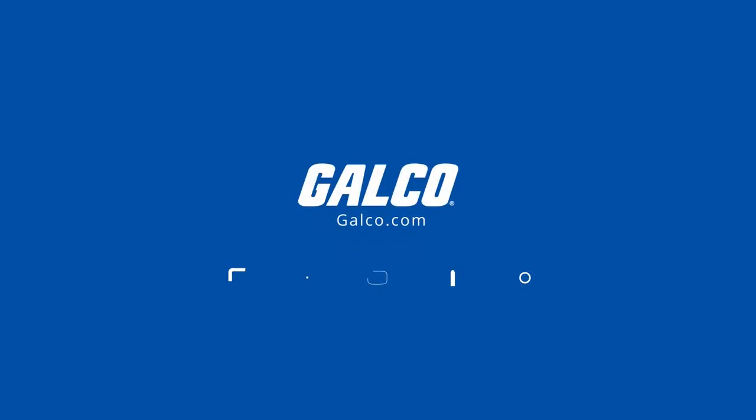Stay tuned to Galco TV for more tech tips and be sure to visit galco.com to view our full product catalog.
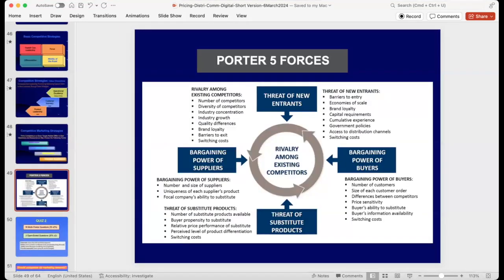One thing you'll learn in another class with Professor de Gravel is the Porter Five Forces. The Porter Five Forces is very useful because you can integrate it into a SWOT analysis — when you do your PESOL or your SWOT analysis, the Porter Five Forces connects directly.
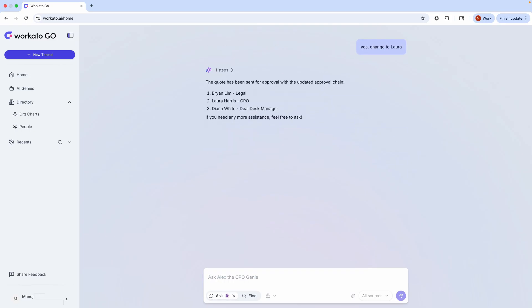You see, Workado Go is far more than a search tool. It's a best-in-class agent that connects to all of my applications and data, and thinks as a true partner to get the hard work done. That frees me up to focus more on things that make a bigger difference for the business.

==

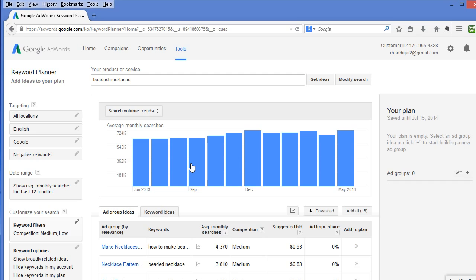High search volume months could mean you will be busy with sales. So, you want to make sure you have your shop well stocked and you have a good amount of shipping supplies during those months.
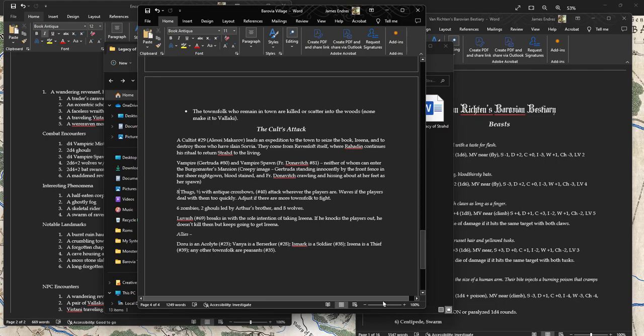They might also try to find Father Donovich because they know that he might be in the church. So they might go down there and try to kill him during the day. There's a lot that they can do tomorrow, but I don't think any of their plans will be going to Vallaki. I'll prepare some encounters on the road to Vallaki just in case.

## [Required work]
Copy exactly the material above from the line with "Stay tuned to" to the line with "You see, Workado", ends included, and nothing else. Leave out any picture.

## [Answer area]
Stay tuned to Galco TV for more tech tips and be sure to visit galco.com to view our full product catalog.
One thing you'll learn in another class with Professor de Gravel is the Porter Five Forces. The Porter Five Forces is very useful because you can integrate it into a SWOT analysis — when you do your PESOL or your SWOT analysis, the Porter Five Forces connects directly.
You see, Workado Go is far more than a search tool. It's a best-in-class agent that connects to all of my applications and data, and thinks as a true partner to get the hard work done. That frees me up to focus more on things that make a bigger difference for the business.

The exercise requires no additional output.